→ **What the task asks**
Please repeat nothing except the lines from the one containing "MayFlash Magic-NS Lite" through the end of the records, exactly and without pictures.

(Stored entries)
#####
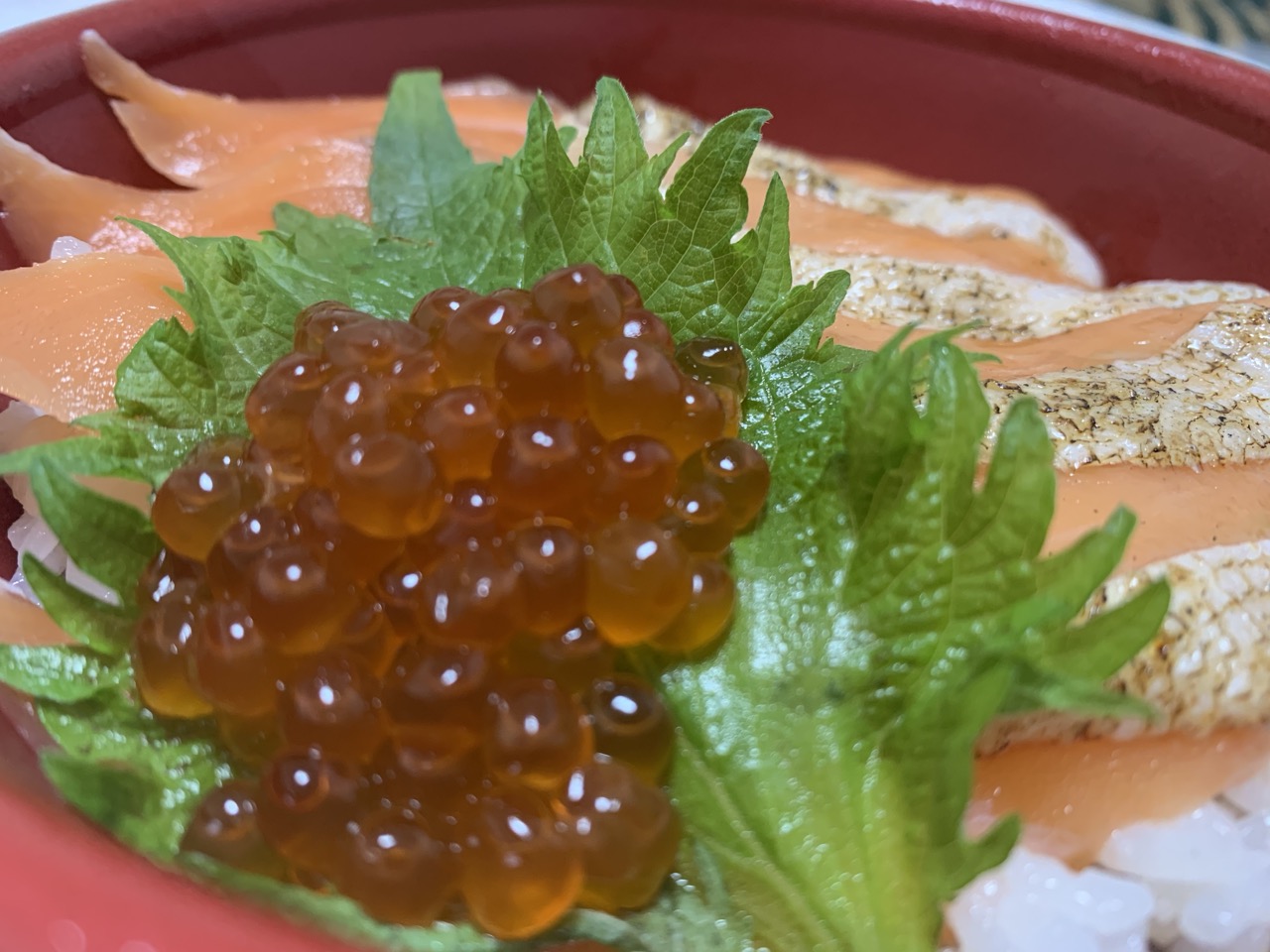 イラスト、小説、pixel art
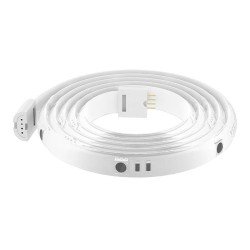 Fita Led Yeelight Lightstrip Extensão 1 metro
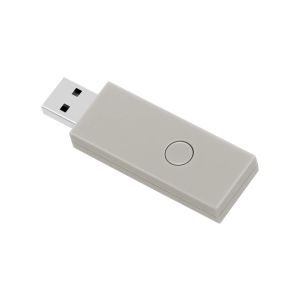 MayFlash Magic-NS Lite ασύρματος προσαρμογέας Bluetooth USB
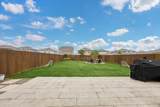 25227 Sierra Manor Court - Photo 24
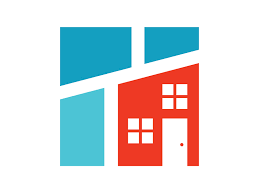 House Map Icon By Eric Murray On Dribbble
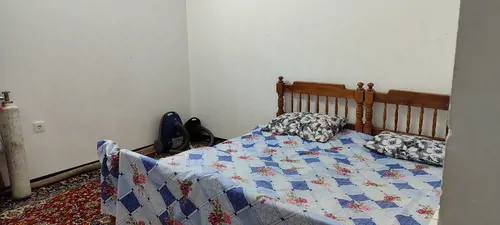 تصویر 10 - ویلا شهمیری در  نیشابور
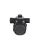 JSA NightLux HogHunter Mini 635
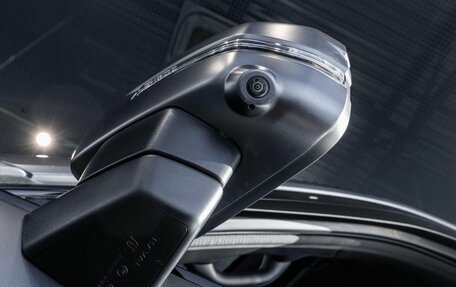 Haval H9, 2026 год, 5 299 000 рублей, 38 фотография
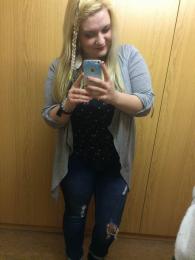 modelky/26346/IMG_4004.JPG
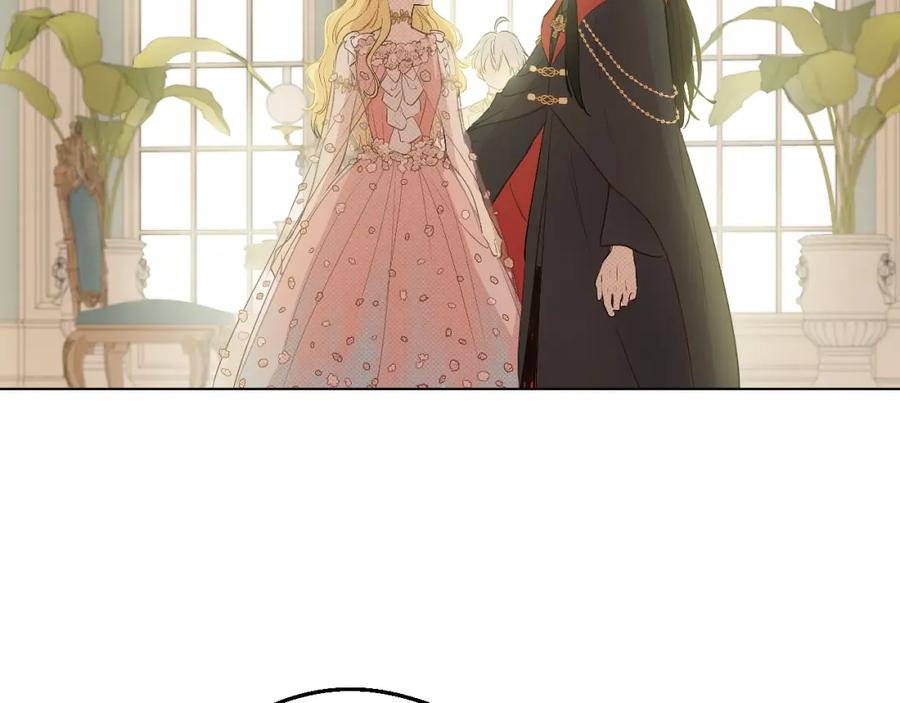 某天成为公主 第29话 这就叫绅士？ 第6页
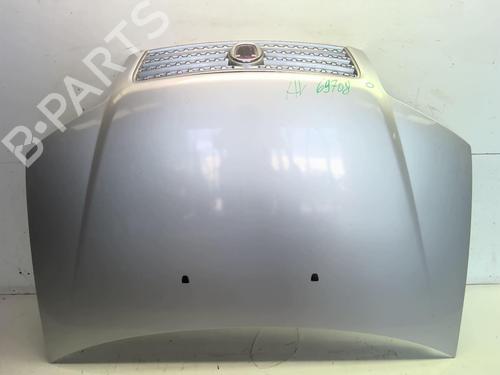 Used Hood Hood 18215800 18215800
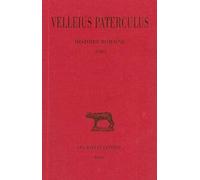 Histoire romaine, tome 1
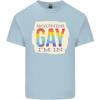 Sounds Gay Im In Funny LGBT Gay Pride Kids T-Shirt Childrens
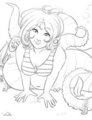 Panne by Sanne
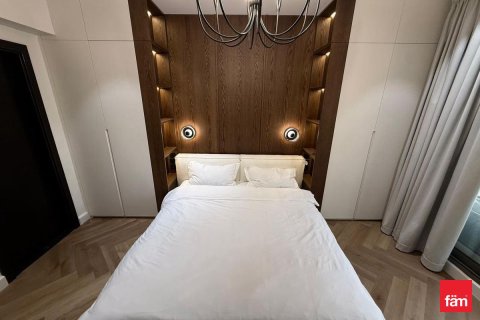 شقة في وسط مدينة دبي, دبي 1غرف نوم, 75.1 م² رقم 94937 - صورة 13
#####
→ **Solution for this problem**
 MayFlash Magic-NS Lite ασύρματος προσαρμογέας Bluetooth USB
 25227 Sierra Manor Court - Photo 24
 House Map Icon By Eric Murray On Dribbble
 تصویر 10 - ویلا شهمیری در  نیشابور
 JSA NightLux HogHunter Mini 635
 Haval H9, 2026 год, 5 299 000 рублей, 38 фотография
 modelky/26346/IMG_4004.JPG
 某天成为公主 第29话 这就叫绅士？ 第6页
 Used Hood Hood 18215800 18215800
 Histoire romaine, tome 1
 Sounds Gay Im In Funny LGBT Gay Pride Kids T-Shirt Childrens
 Panne by Sanne
 شقة في وسط مدينة دبي, دبي 1غرف نوم, 75.1 م² رقم 94937 - صورة 13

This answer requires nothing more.